> What is needed
Please return the lines below verbatim, beginning at the one that has "YHNNH Mini Impresora" and stopping after the one that has "Circa 1909 Swiss", and add no other lines.

> Records for this exercise
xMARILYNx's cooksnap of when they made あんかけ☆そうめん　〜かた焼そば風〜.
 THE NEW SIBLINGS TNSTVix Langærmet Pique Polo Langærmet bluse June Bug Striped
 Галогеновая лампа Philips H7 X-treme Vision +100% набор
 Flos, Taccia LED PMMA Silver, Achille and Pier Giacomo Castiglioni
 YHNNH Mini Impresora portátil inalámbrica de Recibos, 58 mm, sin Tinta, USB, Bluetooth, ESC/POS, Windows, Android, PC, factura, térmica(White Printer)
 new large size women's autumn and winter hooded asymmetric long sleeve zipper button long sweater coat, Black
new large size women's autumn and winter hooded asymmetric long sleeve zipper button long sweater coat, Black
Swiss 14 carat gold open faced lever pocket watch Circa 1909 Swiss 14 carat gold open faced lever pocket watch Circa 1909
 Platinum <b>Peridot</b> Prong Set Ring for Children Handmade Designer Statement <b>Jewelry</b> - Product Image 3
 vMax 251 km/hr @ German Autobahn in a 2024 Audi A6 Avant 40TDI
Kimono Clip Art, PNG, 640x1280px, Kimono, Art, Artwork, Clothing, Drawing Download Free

> Exercise response
 YHNNH Mini Impresora portátil inalámbrica de Recibos, 58 mm, sin Tinta, USB, Bluetooth, ESC/POS, Windows, Android, PC, factura, térmica(White Printer)
 new large size women's autumn and winter hooded asymmetric long sleeve zipper button long sweater coat, Black
new large size women's autumn and winter hooded asymmetric long sleeve zipper button long sweater coat, Black
Swiss 14 carat gold open faced lever pocket watch Circa 1909 Swiss 14 carat gold open faced lever pocket watch Circa 1909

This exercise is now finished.